### YOUR GOAL
Transcribe, word for word, all of the entries below, and exclude any pictures from the copy.
_ _ _
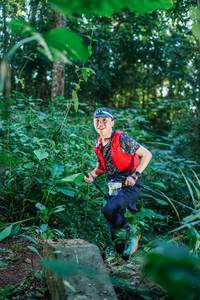 BIB: 
                            <button type="button" onclick="openModal(22671724)" class="btn btn-primary btn-sm float-right btn-popup" data-toggle="modal" data-target=".modal-high-quality">
                        <i class="fas fa-shopping-cart"></i> Add to Cart
                    </button>
                                            <button type="button" onclick="isThisMe(22671724, true)" class="btn btn-success btn-sm float-right btn-popup btn-isme hidden" data-toggle="tooltip" data-placement="bottom" title="นี่คือรูปของคุณใช่ไหม คลิกที่นี่เพื่อเอาเข้าอัลบั้ม">
                        <i class="fas fa-plus"></i> Add to album
                    </button>
                    <button type="button" onclick="isThisMe(22671724, false)" class="btn btn-warning btn-sm float-right btn-popup btn-isnotme hidden">
                        <i class="fas fa-ban"></i> Remove from album
                    </button>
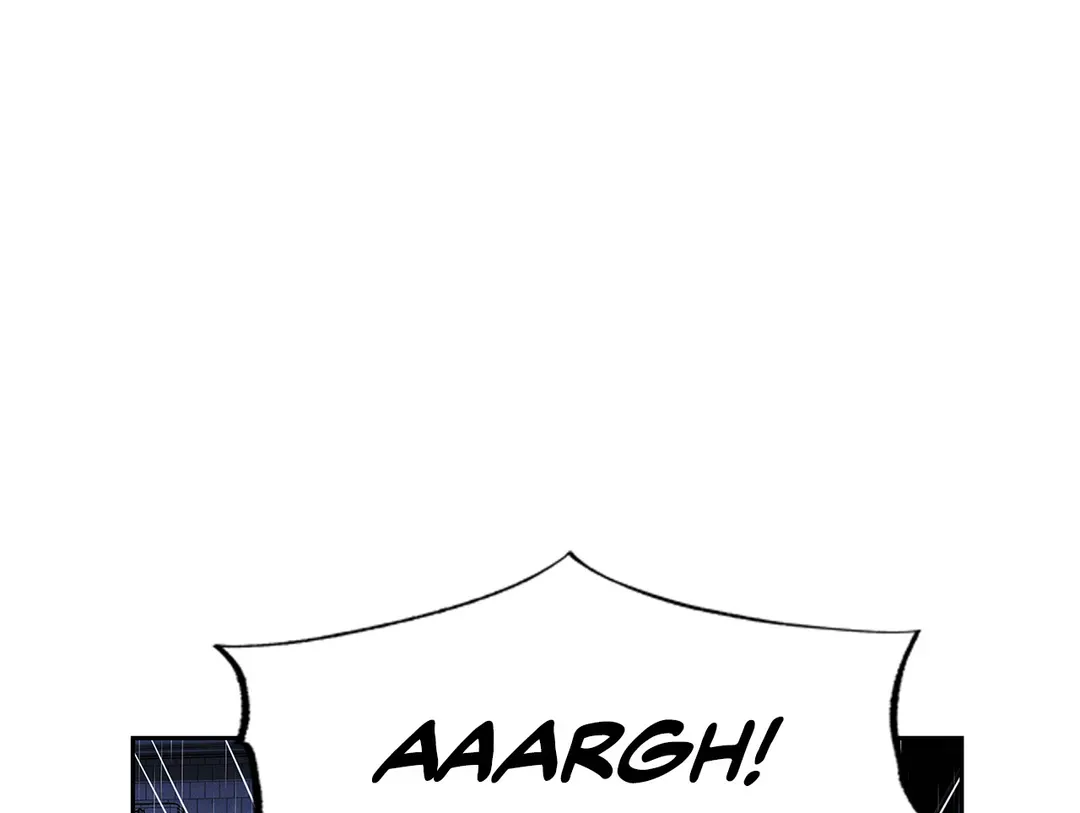 The Pizza Delivery Man and the Gold Palace 〘Official〙 - 〖Season 2 Finale〗 manhwa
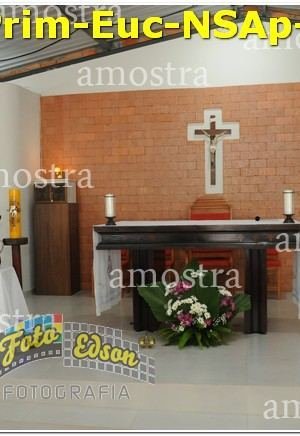 02141-Prim-Euc-NSAp-01-06-2025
_ _ _
### RESULT BELOW
 BIB: 
                            <button type="button" onclick="openModal(22671724)" class="btn btn-primary btn-sm float-right btn-popup" data-toggle="modal" data-target=".modal-high-quality">
                        <i class="fas fa-shopping-cart"></i> Add to Cart
                    </button>
                                            <button type="button" onclick="isThisMe(22671724, true)" class="btn btn-success btn-sm float-right btn-popup btn-isme hidden" data-toggle="tooltip" data-placement="bottom" title="นี่คือรูปของคุณใช่ไหม คลิกที่นี่เพื่อเอาเข้าอัลบั้ม">
                        <i class="fas fa-plus"></i> Add to album
                    </button>
                    <button type="button" onclick="isThisMe(22671724, false)" class="btn btn-warning btn-sm float-right btn-popup btn-isnotme hidden">
                        <i class="fas fa-ban"></i> Remove from album
                    </button>
 The Pizza Delivery Man and the Gold Palace 〘Official〙 - 〖Season 2 Finale〗 manhwa
 02141-Prim-Euc-NSAp-01-06-2025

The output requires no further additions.